The global fight for the open Internet has heated up this week with lawmakers, top Obama administration officials, and Internet industry giants moving in unprecedented unanimity to push back against a proposal to effectively hand over control of the Internet to the United Nations and thus its member states.
Unlike domestic political battles concerning the Internet, like the fight over the Stop Online Piracy Act (SOPA) or the controversy over cybersecurity legislation currently before Congress, this struggle pits the United States against countries like China and Russia, who wish to seize control of Internet regulation from the variety of US-backed nonprofit organizations that currently oversee its structure, rules, and upkeep, and place that power in the hands of the International Telecommunications Union (ITU), a UN agency.
What is the proposal?
Unfortunately, at the moment, there are more questions than answers. But here’s what we know so far. In December, 193 UN member states will meet in Dubai for the World Conference on International Telecommunications (WCIT). There, revisions to a 1988 ITU treaty may be proposed — no one’s saying for certain just yet — that would allow the ITU to take over as the sole regulatory body for the Internet. That means it would have far greater control over cybersecurity, data privacy, Web technology standards, and the Web address system. It would also give member states the ability charge Internet companies for international traffic. (More on this later.)
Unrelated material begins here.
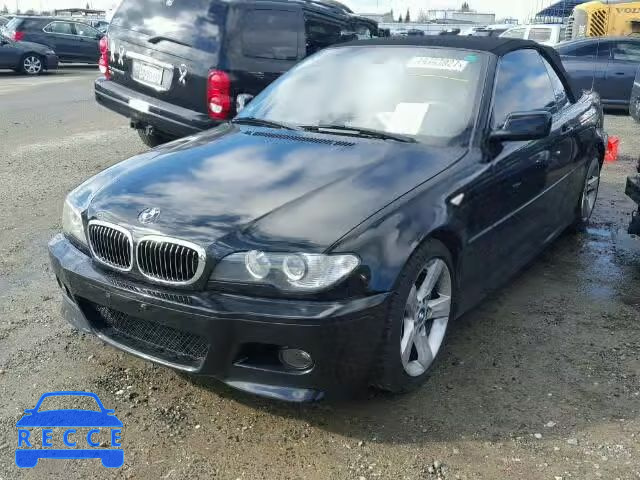 2005 BMW 330CI WBABW53435PL49622 image 1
Presently, these responsibilities, known collectively as “Internet governance,” lay with a number of nonprofit institutions, like the Internet Corporation for Assigned Names and Numbers (ICANN), which handles the underlying infrastructure of the Internet, and establishes top-level domains (TLDs), like .com, .net, or .ca; and the Internet Engineering Task Force (IETF), which develops Internet standards.
Who wants the ITU in charge?
The full list of countries in support of such proposals has not been announced (after all, much could change between now and December). But those who are publicly in favor include China, Russia, Brazil, India, most countries in the Middle East, including Saudi Arabia and Iran, and “many other” countries in the developing world, according to reports. Other countries that have expressed dissatisfaction with the current system include Tajikistan, Uzbekistan, Cuba, Ghana, Bolivia, and Venezula, which means they are likely on the list of supporters as well.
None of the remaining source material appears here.